C. «Le Temps» prend position le 1er novembre 2018, par l’entremise de son rédacteur en chef, Stéphane Benoit-Godet. Il défend son correspondant, basé à Madrid et qui s’est rendu plusieurs fois en Catalogne, contrairement à ce que laisse entendre le plaignant. A propos des reproches concrets formulés par ce dernier, le rédacteur en chef précise ce qui suit.

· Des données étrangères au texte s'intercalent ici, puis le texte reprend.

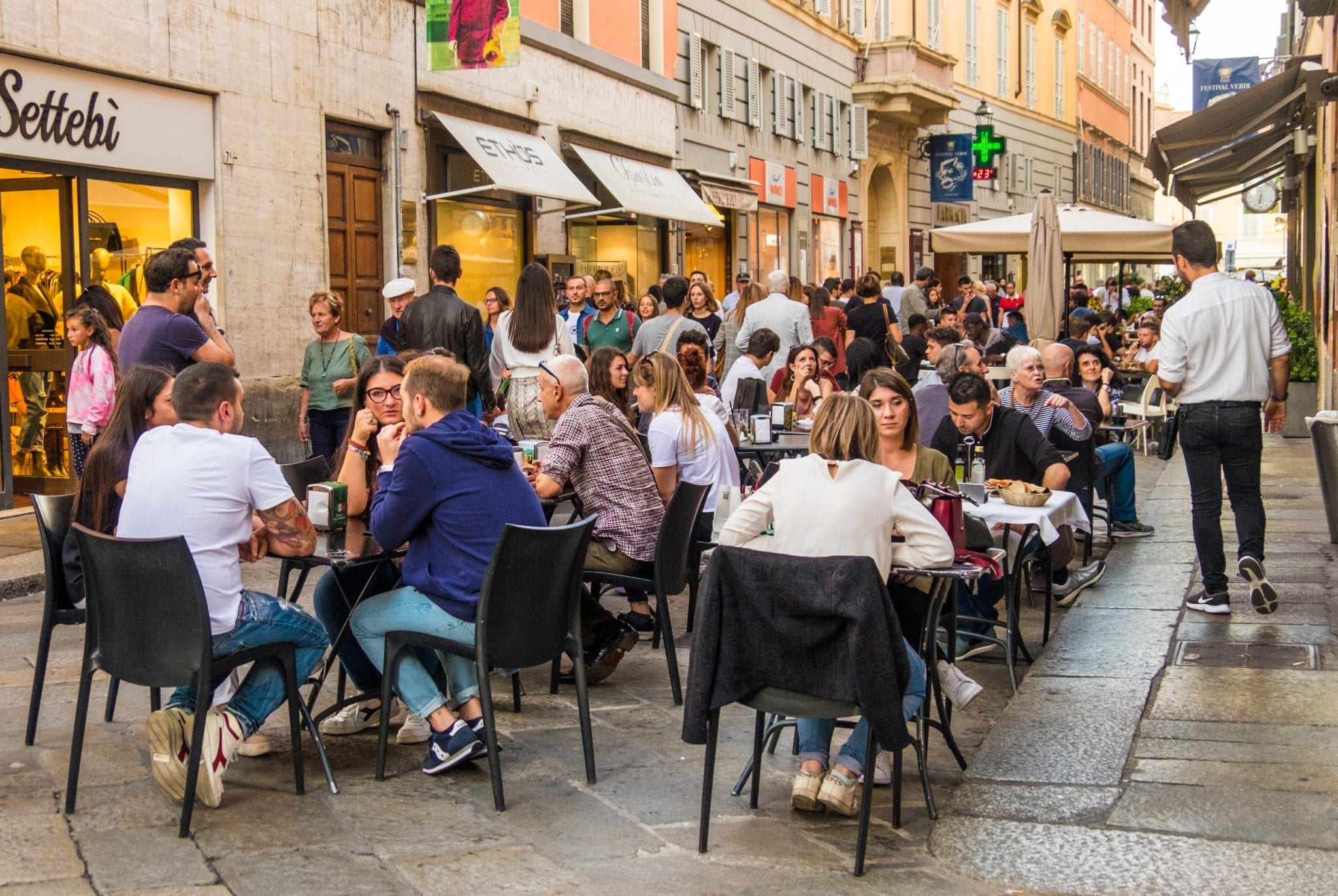 People sitting outside at a restaurant in Parma, Italy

Le terme «unioniste» ne démontre un biais pro-indépendantiste, puisqu’il «est couramment utilisé dans la presse espagnole, pourtant peu suspecte de sympathie envers les indépendantistes catalans». Quant au qualificatif «espagnoliste» il n’est pas dénigrant: A preuve, «Ciudadanos revendique cette étiquette en Catalogne, tout en étant un parti national, représenté au parlement de Madrid». Enfin, précise le rédacteur en chef, «il y a bien deux camps en Catalogne, pro-indépendantistes et anti-indépendantistes, avec certes des nuances». Par ailleurs, conclut-il, «cet article prend bien le soin de donner la parole à des personnalités des deux bords».
D. Selon l’art. 13 alinéa 1 du règlement du Conseil suisse la presse, la présidence traite les plaintes qui, dans leurs éléments essentiels, concordent avec des cas déjà traités par le Conseil de la presse ou qui revêtent une importance mineure.
E. La présidence du Conseil suisse de la presse, composée de Dominique von Burg (président), Francesca Snider (vice-présidente) et de Max Trossmann (vice-président), a traité la présente prise de position le 26 août 2019 par voie de correspondance.
II. Considérants
1. Dans la mesure où le plaignant semble déplorer que «Le Temps» consacre un article à la «guerre des rubans jaunes» et à son avis cherche ainsi à créer «une ambiance néfaste», le Conseil de la presse ne peut pas le suivre. En publiant cet article, «Le Temps» ne fait qu’exercer sa liberté rédactionnelle, en informant d’ailleurs sur un fait très illustratif du vécu des Catalans.
2. En ce qui concerne les reproches particuliers du plaignant, force est de reconnaître que l’argumentation du «Temps» est convaincante. Les termes «unionistes» et «espagnoliste» ne sont visiblement ni faux, ni dénigrants. Quant à la séparation de la Catalogne en deux camps de force sensiblement égale, elle est évidente. En conclusion, le Conseil de la presse ne voit pas en quoi le journal aurait violé le chiffre 1 de la «Déclaration des devoirs et des droits du/de la journaliste».
III. Conclusions
1. La plainte est rejetée.
2. En publiant sur son site l’article «En Catalogne, la guerre des rubans jaunes», «Le Temps» n’a pas violé le chiffre 1 (Rechercher la vérité) de la «Déclaration des devoirs et des droits du/de la journaliste».